Work instruction: Because the images are not wanted, restate every line below word for word without them.

[Collected data]

▽

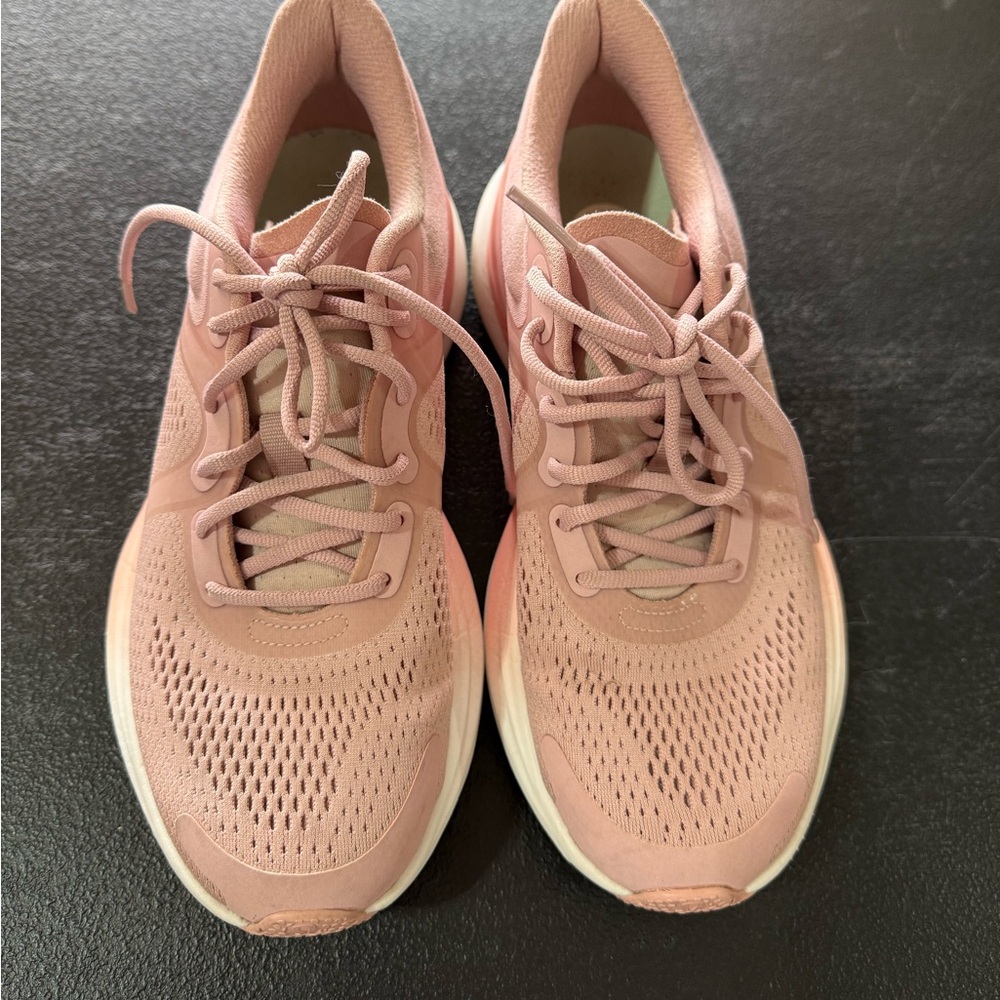 Blissfeel Run Lululemon Sneakers
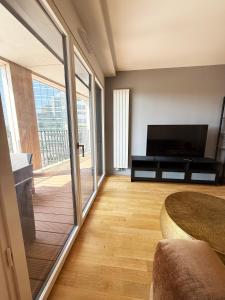 Charme Parisien neuf et cosy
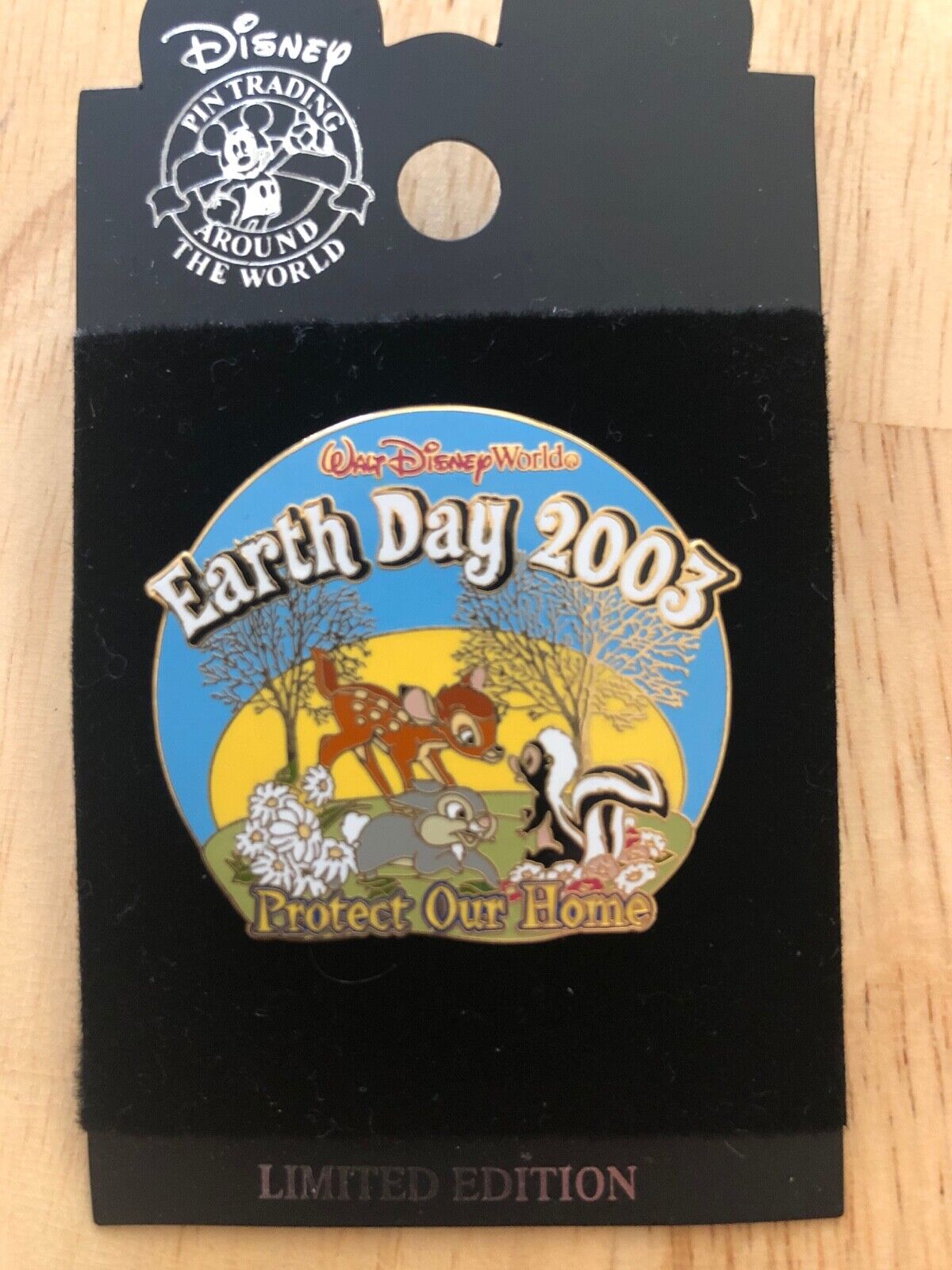 Disney Pin  Earth Day 2003 - Bambi with Thumper and Flower -   NEW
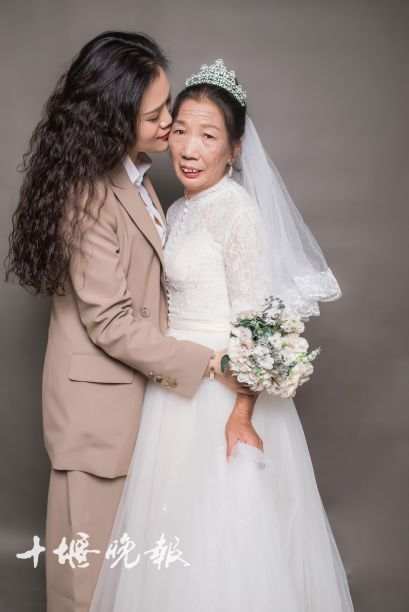 Une jeune femme pose avec sa mère veuve pour ses premières photos de mariage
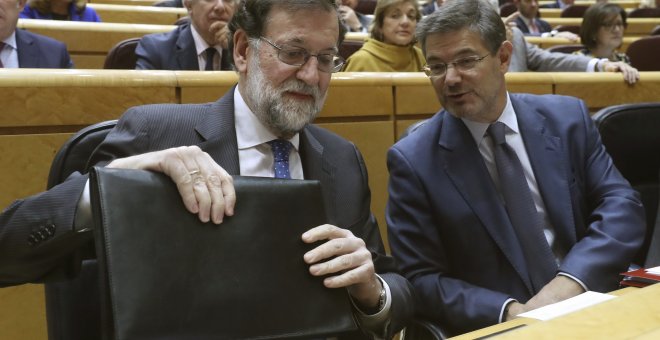 El presidente del Gobierno, Mariano Rajoy, y el ministro de Justicia, Rafael Catalá, durante la sesión de control celebrada esta tarde en el pleno del Senado, en Madrid. EFE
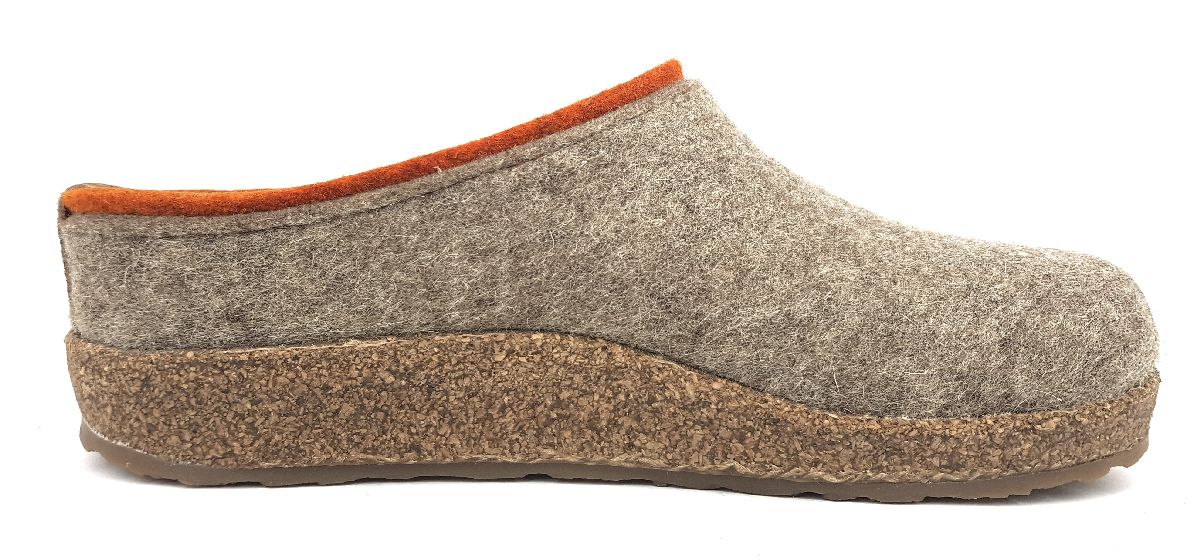 Haflinger Grizzly Kris 711056 Braun 550 Torf Haflinger Grizzly Kris 711056 Braun 550 Torf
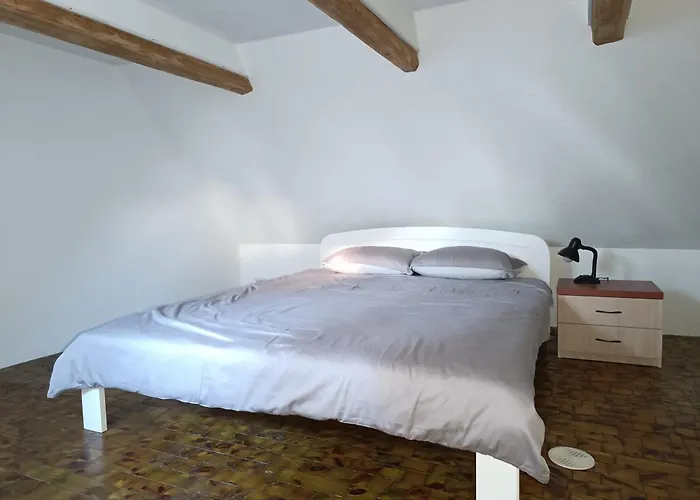 Maeo Apartment * Mao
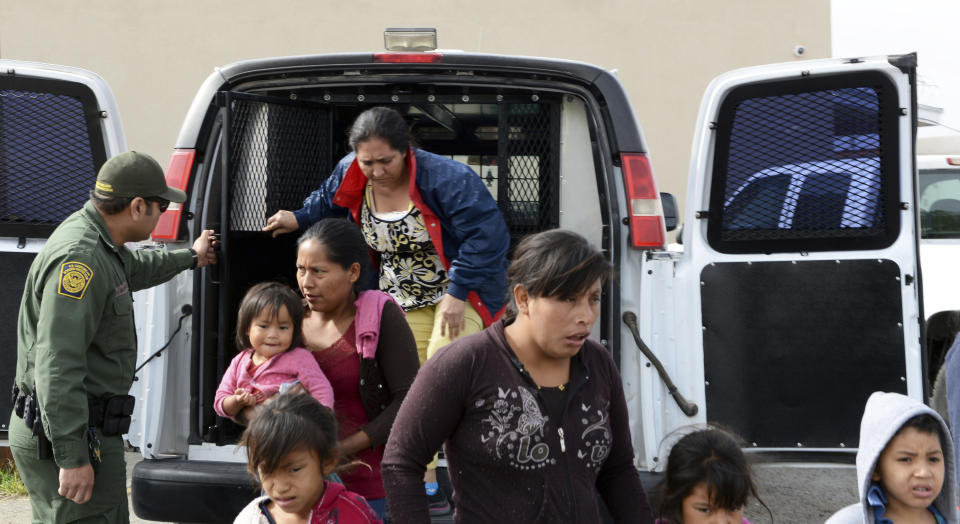 En esta fotografía del viernes 12 de abril de 2019, un agente de la Patrulla Fronteriza ayuda a migrantes a salir de una camioneta en la Misión de Rescate Gospel en Las Cruces, Nuevo México. (Blake Gumprecht/The Las Cruces Sun News vía AP)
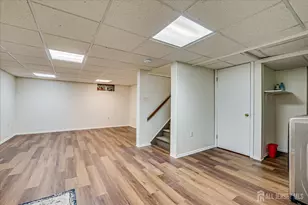 12 Tulip Ct, Edison, NJ 08820 - Photo 29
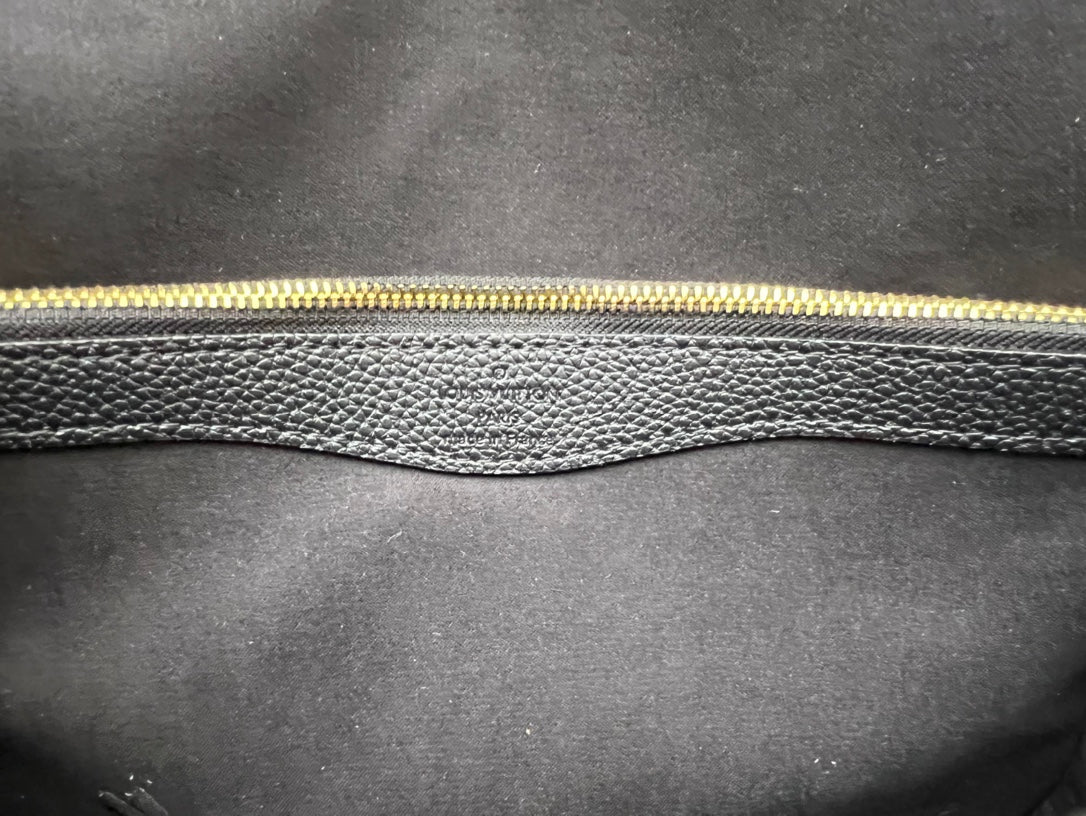 2XE028B Popular leather bag 
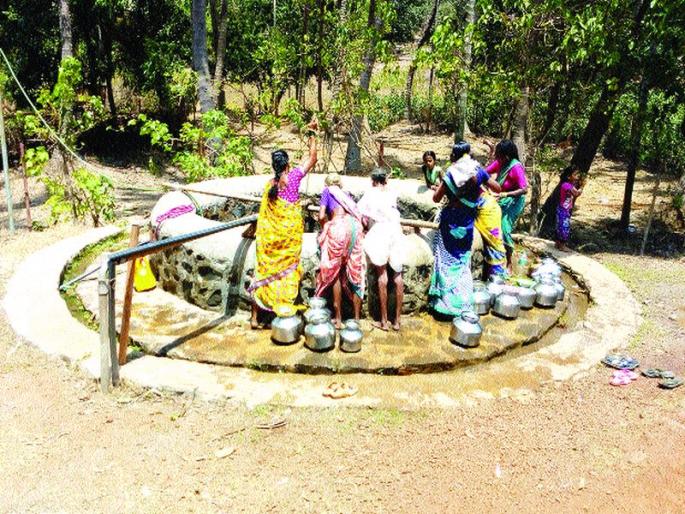 Drinking water problem in rural areas; Peept | ग्रामीण भागात पाणीप्रश्न गंभीर; हंडाभर पाण्यासाठी पायपीट  Drinking water problem in rural areas; Peept | ग्रामीण भागात पाणीप्रश्न गंभीर; हंडाभर पाण्यासाठी पायपीट
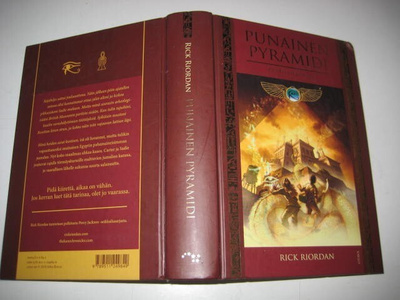 Riordan : Punainen pyramidi - Sid 1p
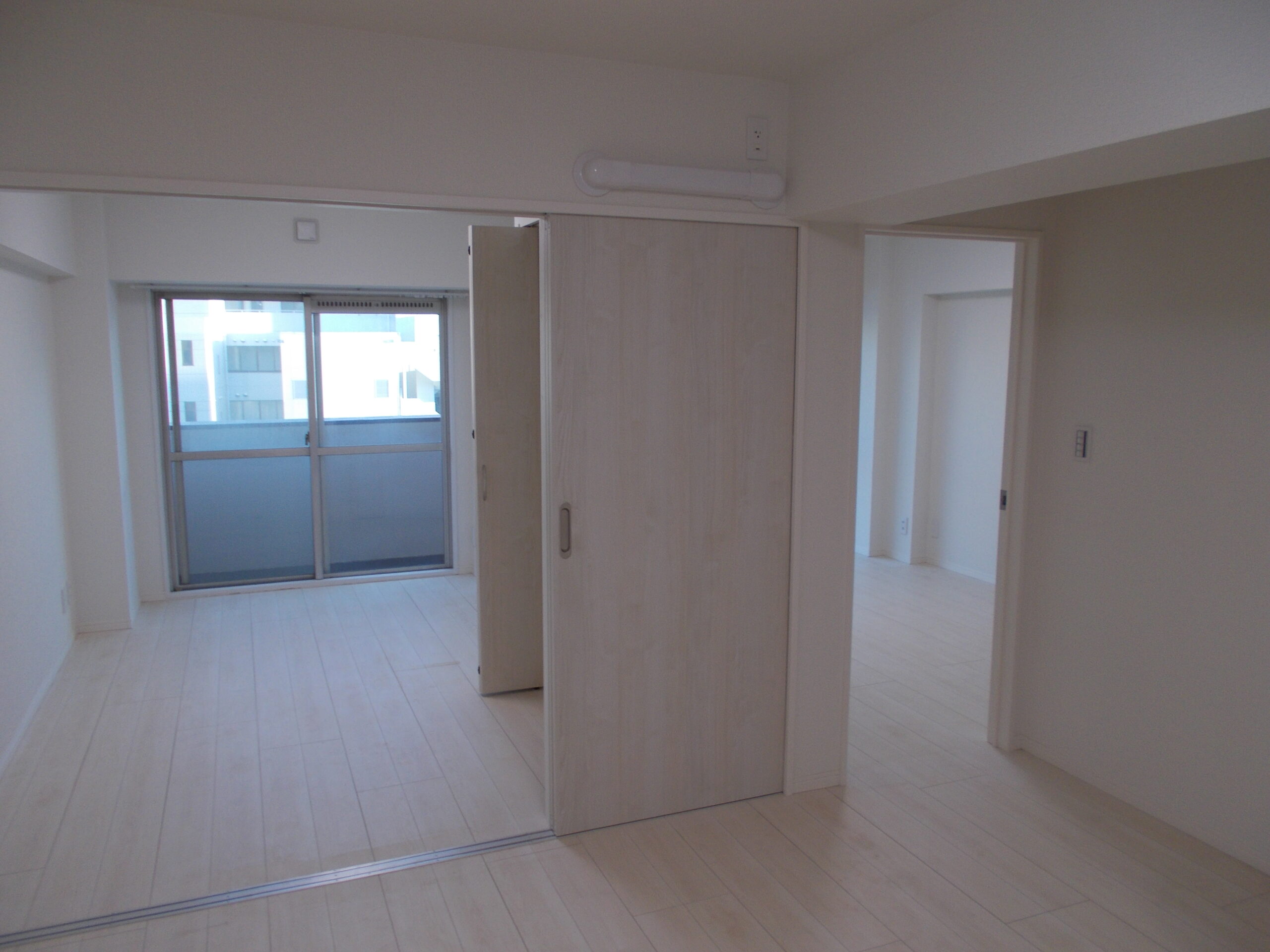 白基調 クロス フローリング 洋室 施工後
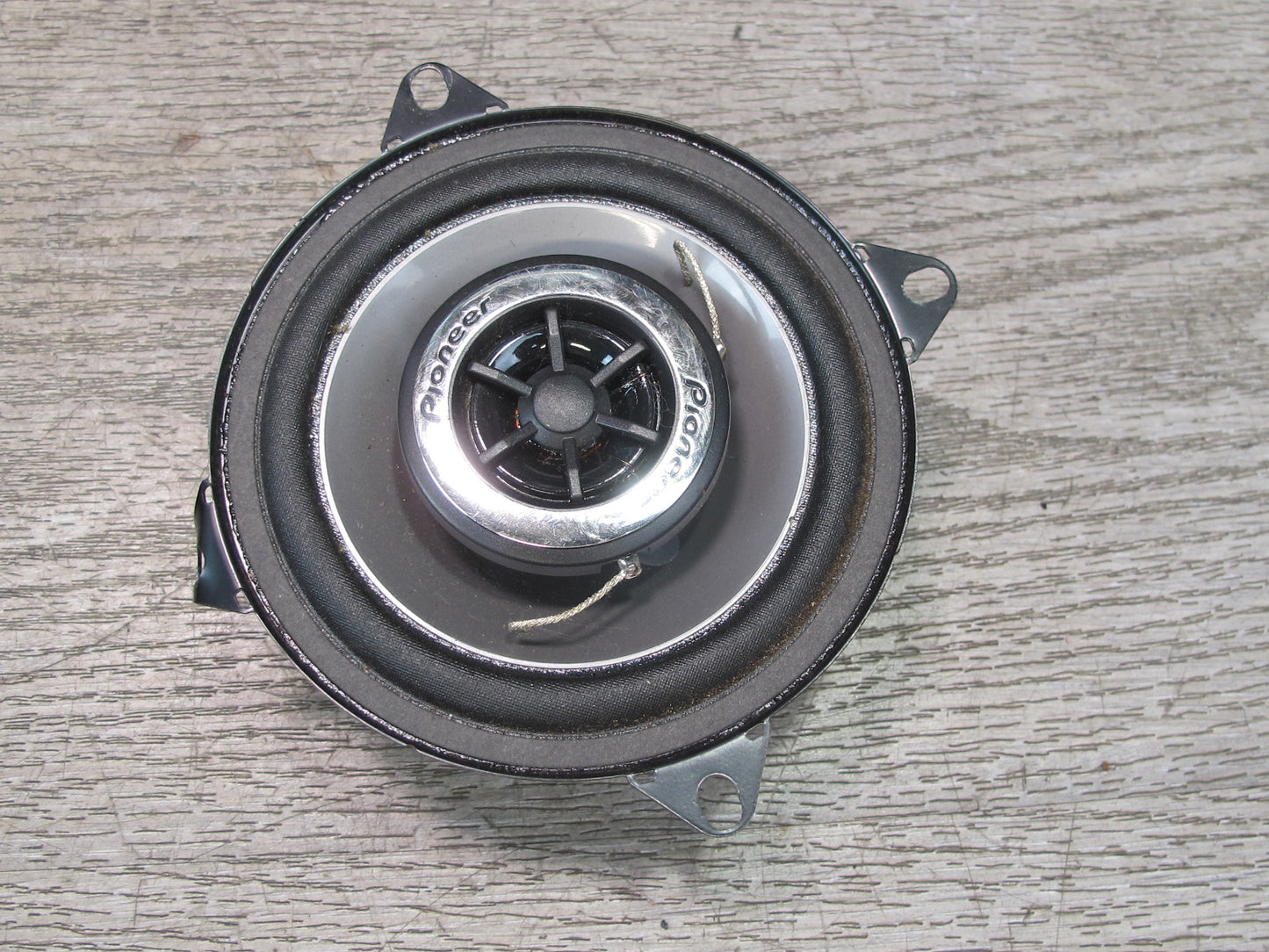 Set of 2 Pioneer TS-G1042R 4" 2-WAY Speaker 25W RMS 120W Peak Power
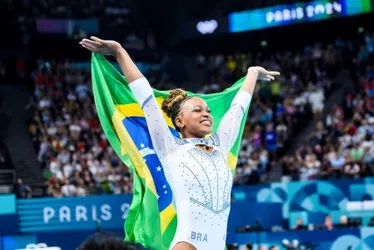 
			
				Saiba se atletas têm que pagar imposto sobre medalhas e prêmios em dinheiro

△

Task solution:
 Blissfeel Run Lululemon Sneakers
 Charme Parisien neuf et cosy
 Disney Pin  Earth Day 2003 - Bambi with Thumper and Flower -   NEW
 Une jeune femme pose avec sa mère veuve pour ses premières photos de mariage
 El presidente del Gobierno, Mariano Rajoy, y el ministro de Justicia, Rafael Catalá, durante la sesión de control celebrada esta tarde en el pleno del Senado, en Madrid. EFE
 Haflinger Grizzly Kris 711056 Braun 550 Torf Haflinger Grizzly Kris 711056 Braun 550 Torf
 Maeo Apartment * Mao
 En esta fotografía del viernes 12 de abril de 2019, un agente de la Patrulla Fronteriza ayuda a migrantes a salir de una camioneta en la Misión de Rescate Gospel en Las Cruces, Nuevo México. (Blake Gumprecht/The Las Cruces Sun News vía AP)
 12 Tulip Ct, Edison, NJ 08820 - Photo 29
 2XE028B Popular leather bag 
 Drinking water problem in rural areas; Peept | ग्रामीण भागात पाणीप्रश्न गंभीर; हंडाभर पाण्यासाठी पायपीट  Drinking water problem in rural areas; Peept | ग्रामीण भागात पाणीप्रश्न गंभीर; हंडाभर पाण्यासाठी पायपीट
 Riordan : Punainen pyramidi - Sid 1p
 白基調 クロス フローリング 洋室 施工後
 Set of 2 Pioneer TS-G1042R 4" 2-WAY Speaker 25W RMS 120W Peak Power
			
				Saiba se atletas têm que pagar imposto sobre medalhas e prêmios em dinheiro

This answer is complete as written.